コンパイル結果はディスク上にファイルとして保存されるため、プログラムを再起動しても再利用されます。
~/.nv/ComputeCache/ ← NVIDIA CUDAカーネルキャッシュ
~/.triton/cache/ ← Tritonカーネルキャッシュ
~/.cache/torch/ ← PyTorchコンパイルキャッシュ
③ HuggingFaceモデルキャッシュ(補助的要因)
モデルの設定ファイルやTokenizerの処理結果も、以下のパスにキャッシュされます。
~/.cache/huggingface/hub/ ← モデル本体・LoRAの重みファイル
~/.cache/huggingface/assets/ ← 設定ファイル等
保存先は環境変数で変更できます:
export HF_HOME=/custom/path/
キャッシュの保存場所まとめ
| キャッシュ種別 | 保存場所(Linux) | PC再起動後 |
|---|---|---|
| OSページキャッシュ | RAM(物理メモリ)上 | ❌ 消える |
| CUDAカーネル | ~/.nv/ComputeCache/ |
✅ 残る |
| Triton | ~/.triton/cache/ |
✅ 残る |
| PyTorch | ~/.cache/torch/ |
✅ 残る |
| HuggingFace | ~/.cache/huggingface/ |
✅ 残る |
Windowsの場合のパス:
C:\Users\<ユーザー名>\AppData\Local\NVIDIA\ComputeCache\
C:\Users\<ユーザー名>\.cache\huggingface\hub\
なぜプログラム再起動でも速いのか?
整理すると、以下のようになります。
| フェーズ | 初回が遅い理由 | 2回目が速い理由 |
|---|---|---|
| モデル読み込み | SSD/HDDから読む(低速I/O) | OSページキャッシュ(RAM)から読む |
| GPU演算準備 | CUDAカーネルをJITコンパイル | コンパイル済みキャッシュを再利用 |
| 設定・Tokenizer | ファイルのパース処理が走る | 処理済み結果をキャッシュから取得 |
プログラムを再起動してもOSとディスクキャッシュは生きています。

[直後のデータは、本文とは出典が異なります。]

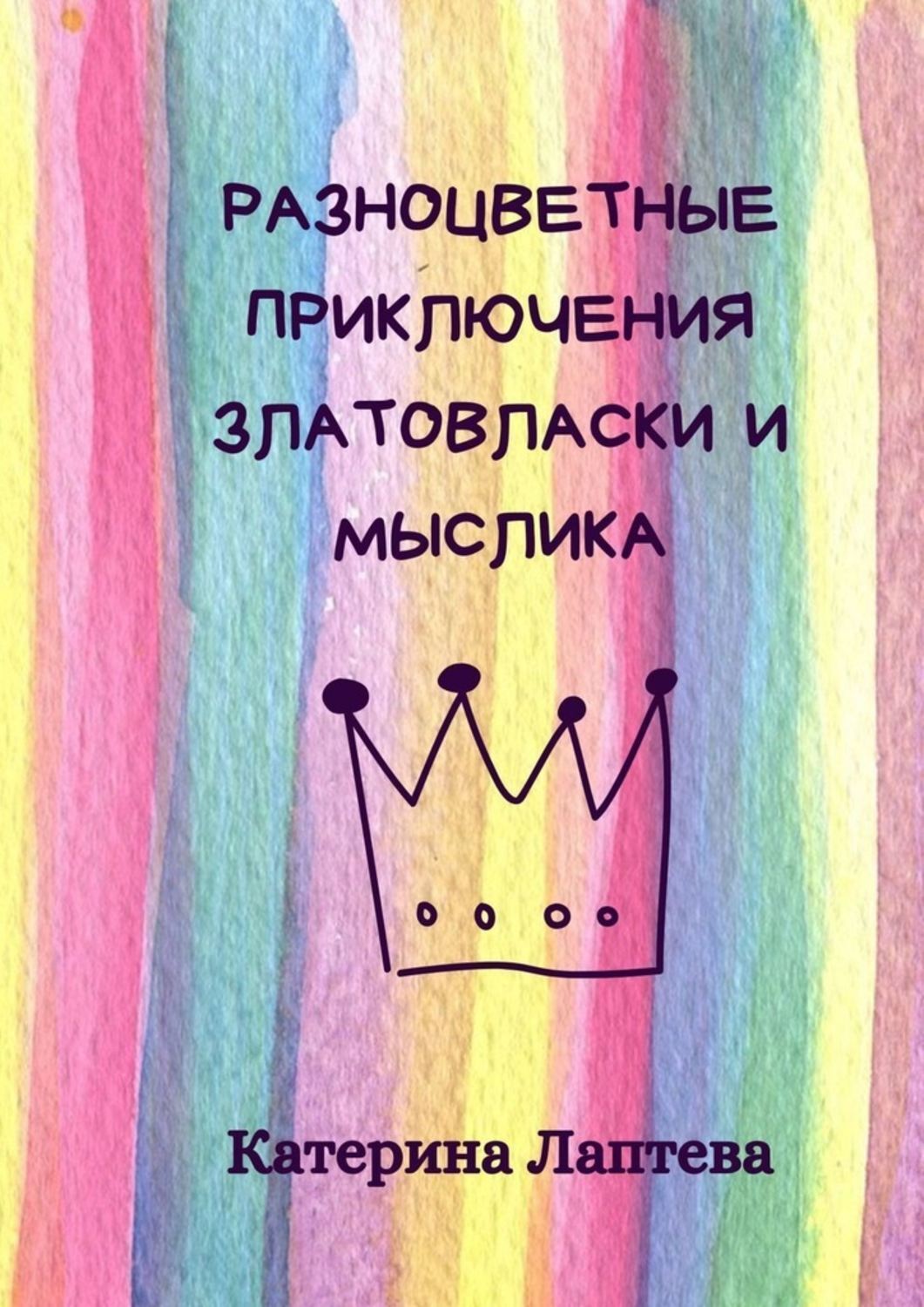 Обложка книги «Разноцветные приключения Златовласки и Мыслика»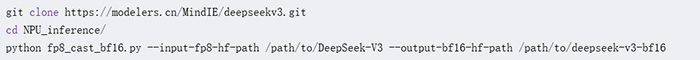 神州數碼旗下神州鯤泰推理服務器全面支撐DeepSeek系列模型部署 神州數碼旗下神州鯤泰推理服務器全面支撐DeepSeek系列模型部署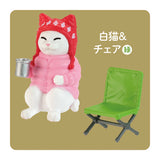 Campfire Cats Blind Box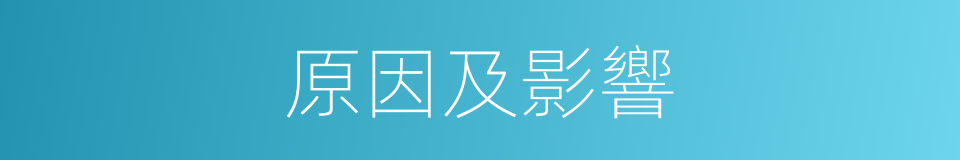 原因及影響的同義詞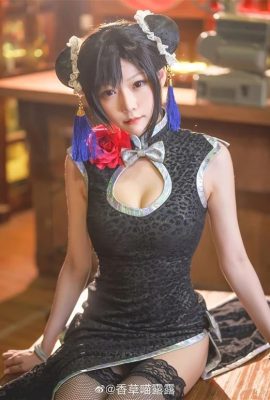 Cosplay “Final Fantasy 7 Remake” Tifa Cheongsam (CN: Vanilla Meow Lulu) (10P)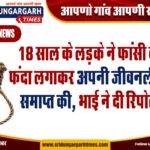 WhatsApp Image 2025-04-18 at 16.12.03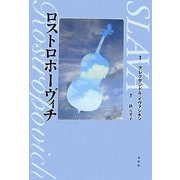 ロストロポーヴィチ [単行本]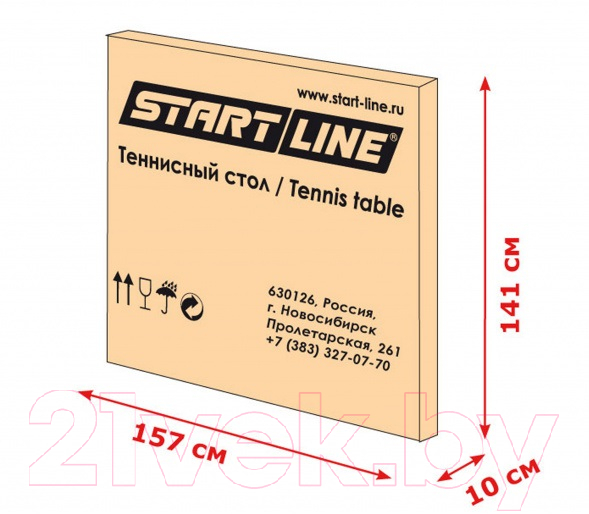 Теннисный стол Start Line Game Indoor 6031-3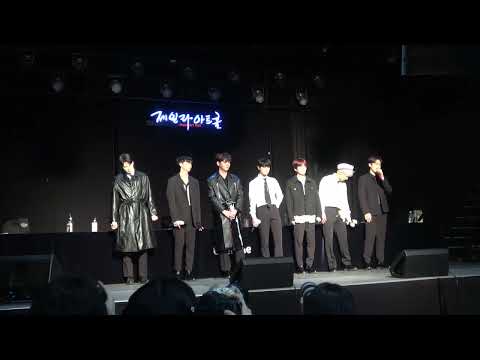 20220206 업텐션(UP10TION)  팬사인회 FALL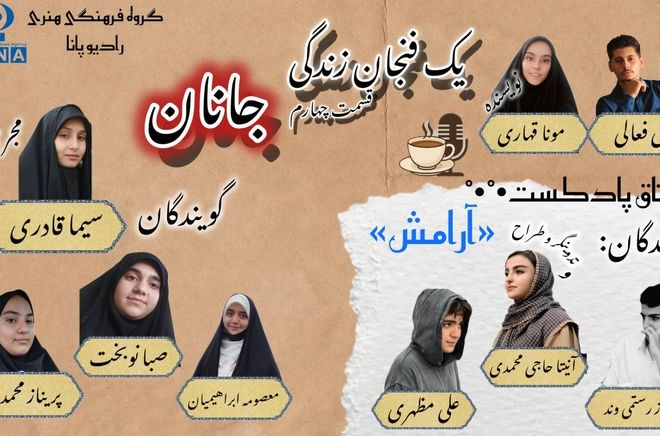 یک فنجان زندگی«جانان» 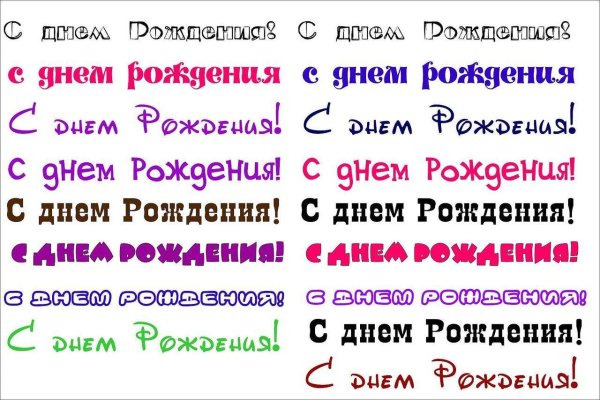 шрифт с днем рождения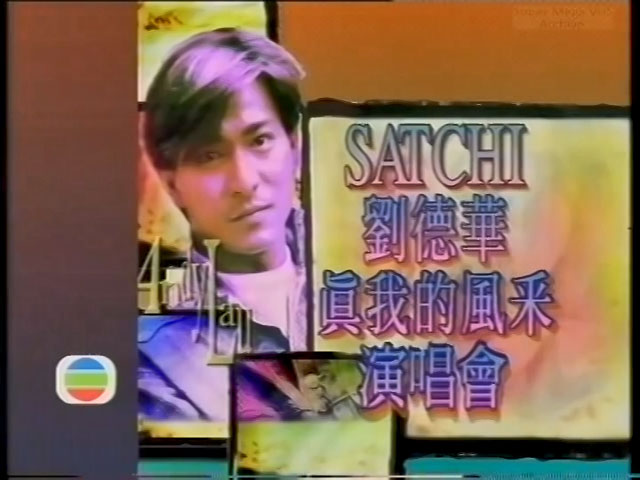 刘德华93真我的风采演唱会 Andy Lau Live 1993[DVD ISO 4.20G]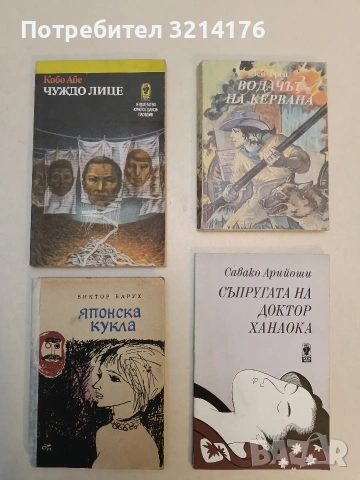 Японска кукла - Виктор Барух (1965)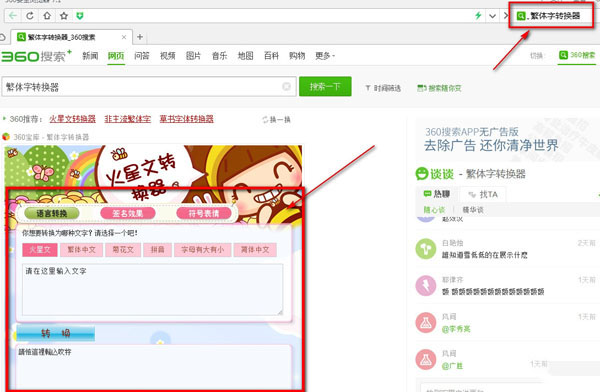 繁体字转换器在线转换的操作教程截图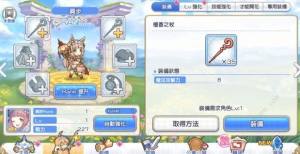 BYReDiveֹ _7淨ԔDƬ2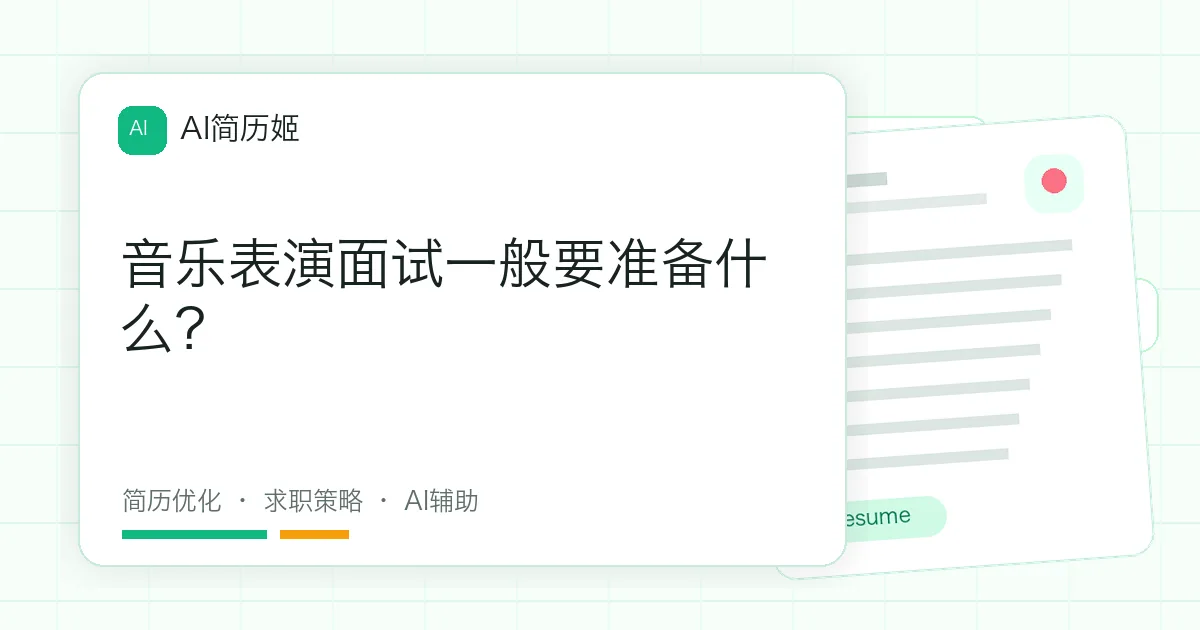 音乐表演面试一般要准备什么？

そのため、アプリレベルの再起動では「初回の遅さ」は再現しません。
PCごと再起動した場合はOSページキャッシュは消えますが、ディスク上のキャッシュ(CUDA・Triton・HuggingFaceなど)は残るため、それでも2回目以降の速度はある程度維持されます。
キャッシュを確認・管理するコマンド(Linux)
# キャッシュサイズを確認
du -sh ~/.cache/huggingface/
du -sh ~/.triton/
du -sh ~/.nv/
# OSページキャッシュの使用量確認
free -h
# OSページキャッシュをクリア(要sudo)
sudo sync && sudo echo 3 > /proc/sys/vm/drop_caches
# CUDAキャッシュをクリア
rm -rf ~/.nv/ComputeCache/
rm -rf ~/.triton/cache/
まとめ
Qwen Image Edit + LoRAの「初回1時間→2回目10分」という現象は、OSのページキャッシュとCUDA/Tritonのコンパイルキャッシュの組み合わせによるものです。プログラムを再起動してもディスクキャッシュは消えないため、速い状態が維持されます。
LoRAの重みが変わると一部キャッシュが無効になり、再コンパイルが走ることもあります。その場合は再び初回と同程度の時間がかかることがあるので、覚えておくと役立ちます。